XXIV DOM. T.O.
Oggi Gesù insiste con noi. Ci ripete più volte e in maniera diversa la
stessa cosa. Evidentemente Gli preme che comprendiamo bene: tu e io siamo
importanti
e lo siamo in maniera tale che, se per qualche ragione ci
perdessimo, non esiterebbe a cercarci instancabilmente lasciando da parte tutto
il resto. Tutto ciò è ben diverso da ciò che a volte pensiamo; dall’idea che, a
causa degli sbagli e dei peccati nei quali incappiamo, diventiamo indegni di
accostarci a Dio. Egli ci dice il contrario: proprio quando diventiamo indegni
Egli fa di tutto per curarci e guarirci. Il peccato allontana noi da Lui, ma
non Lui da noi.
Noi non siamo una massa indistinta; non siamo un numero attaccato a un
letto di ospedale o in fila all’ufficio postale: noi siamo unici davanti a Lui,
il nostro nome è scritto “sulle palme delle Sue mani” (Is 55), i capelli del
nostro capo sono tutti contati (Lc 12,7) e le nostre lacrime sono raccolte nel
Suo otre (Salmo 55,9).
Come è diversa la Buona Notizia di Gesù dall’illusione marxista, dove a contare non è il singolo ma la
società e la classe di appartenenza; dove l’individuo è un ingranaggio che,
quando non serve più o è di ostacolo alla realizzazione del paradiso terrestre,
deve solo essere eliminata o messa in condizione di non nuocere. Come è diverso dal verbo capitalista dove
tutti siamo trasformati in consumatori da convincere e da usare per produrre
ricchezza per pochi e bisogni fasulli per tutti.
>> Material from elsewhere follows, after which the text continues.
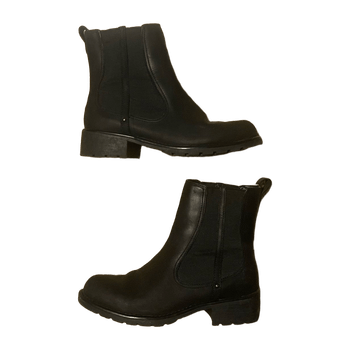 Clarks boots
L’illusione marxista ha mostrato storicamente la sua inadeguatezza e
disumanità, mentre nel capitalismo siamo ancora immersi fino al collo, perché sa incantarci con un benessere, che ci riempie
la pancia e gli occhi, ma ci lascia il cuore vuoto; che ci fa avere migliaia di
amici su Facebook, ma che ci lascia completamente soli.
Cristo continua a essere l’unica risposta vera per l’uomo che voglia
essere tale. Gesù è l’unica via di umanizzazione piena.
Gesù ci dice un’altra cosa straordinaria: “Anche se compi cose
sbagliate, per me tu non sei ciò che fai”. Dio ci dice che possiamo cambiare ed
Egli non ci incatena ai nostri errori e peccati, se noi ci lasciamo liberare. A
Dio non interessa ciò che siamo stati, ciò che abbiamo fatto, se oggi siamo
diversi. Se così non fosse il mondo sarebbe un inferno, perché nessuno avrebbe
possibilità di redenzione. Non c’è azione che davanti a Dio non meriti perdono,
se è chiesto e cercato.
L’amore per ognuno di noi non è banalizzazione del peccato: Dio non
vuole avere a che fare in nessun modo con il peccato. Gesù l’ha detto
chiaramente, il figlio minore della parabola era “morto”. Il peccato non è
qualcosa di indifferente, una realtà irrilevante nella vita, ma un virus che
può diventare mortale; non solo nel senso dell’inferno al quale potremmo essere
destinati alla fine della storia, ma già ora, rendendo la nostra esistenza oscura.
Eppure anche da quella morte, Dio può farci risorgere. Dio però ha bisogno di
mani per toccare chi è diventato intoccabile, di cuori che sanno fare spazio
dentro di sé, di occhi capaci di guardare con compassione, di piedi disposti a
camminare in ricerca di chi è perduto.
Oggi ci dice, non solo ciò che Lui fa per noi, ma anche ciò che vuole
che facciamo per gli altri. Queste tre incantevoli parabole non sono altro che
un’immagine di come Dio vuole le comunità umane: la famiglia, le fraternità
religiose, le comunità ecclesiali (Parrocchia, gruppi vari ecc …). Le persone
redente sono quelle che sanno meglio rimediare, come è possibile al male fatto;
perché sono cellule sane reinserite nell’organismo dell’umanità.
E’ bellissimo vedere il Padre che fa sapere a tutti la gioia per il
ritorno del figlio disgraziato, non si vergogna di lui, ma lo ama come non ha
mai cessato di amarlo.
Queste parole ci consolano, perché anche noi siamo sempre a rischio di
andarcene lontani, anche se in maniera più raffinata e meno appariscente, ma
anche ci impegnano. Questa è la Chiesa che Dio Padre vuole; una Chiesa capace
di guarire e accogliere. Non c’è niente di più lontano da Essa la pretesa di
una Chiesa che asseconda il male che si annida in noi e che deve essere
comprensiva a connivente con esso. La Chiesa cura, non aiuta a morire.